NAKAMOTO PERSONAL

空にある星を一つ欲しいと思いませんか? 思わない? そんなら、君と話をしない。

不条理を生きる。

「新曲『弱い虫』の鉄拳パラパラマンガがこれまた凄いと話題に!! ネットの声『この曲に出会えてよかった』」(ロケットニュース24)
 → http://rocketnews24.com/2012/11/19/268149/

世界的ビッグバンド「MUSE」の公式ミュージックビデオに、自作アニメが採用され、世間の注目を集めたお笑い芸人 “鉄拳”。その現在話題沸騰中の鉄拳が、ある新曲のミュージック・ビデオのアニメーションを担当し、これまた大きな反響を呼んでいる。

今回鉄拳がアニメーションを担当したのは、馬場俊英の新曲『弱い虫』のミュージックビデオ。そこには、これまでの作品と引けをとらないくらい素晴らしいパラパラマンガが収められており、その独特の鉄拳ワールドで見る人を魅了する。

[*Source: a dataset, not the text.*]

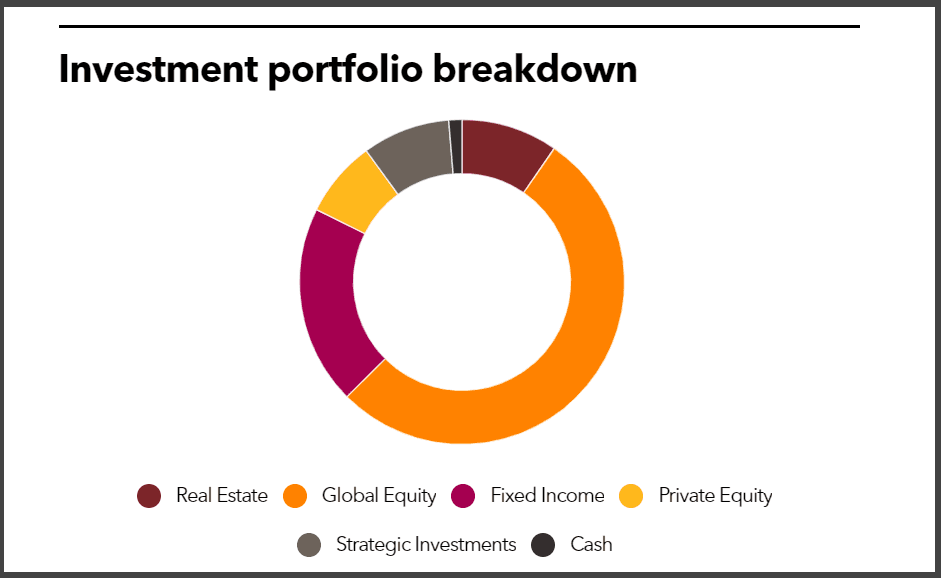 FRS Trust Fund full investment portfolio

1300コマ以上を使って完成させた今回のパラパラマンガについて、鉄拳本人は以下のようなことを話している。
 
今回はシンガーソングライターの馬場俊英さんの新作「弱い虫」のPVです。ずっと社会問題になっている「いじめ」をテーマにした曲でパラパラマンガの内容もいじめ、冤罪、不条理を描いてます。今まで描いたパラパラマンガの中では1番現実的なテーマなので、馬場さんと直接お会いし綿密な打ち合わせをしました。いじめや冤罪についても映画を観たり自分で調べたり勉強になりました。(「それでもボクはやってない」面白かったし勉強になりました!)今回のパラパラマンガのとらえ方は人それぞれかと思いますが、考えてもらえる事が大事かと思いました。
(「超未来戦士・鉄拳のブログ」より引用)
 
現実的なテーマのもと描かれたというそのパラパラマンガに、現在多くのネットユーザーが心打たれており、動画には以下のようなコメントが続々と寄せられている。

【ネットユーザーからのコメント】
「久しぶりに感動した」
「めっちゃ泣けました」
「鉄拳の才能すげーな…」
「頑張っていても大変な想いをする人はこの世界にはたくさんいるだろうな…涙がでてしまう」
「コレ学校で見せられて…ボロッて…」
「主人公のよわいおとこのひとと俺似てるなぁ」
「悲しいなーこんなやさしい人になりたい」
「号泣しました。この曲に出会えて本当によかった」

人々の胸を打つ様々なメッセージが詰まった今回のミュージックビデオ。お笑い芸人の枠を越え、アーティストとしての才能も開花させ始めた鉄拳は、これから一体どんな作品を世に送り出していくのだろうか? 今後の彼の活躍に目が離せない!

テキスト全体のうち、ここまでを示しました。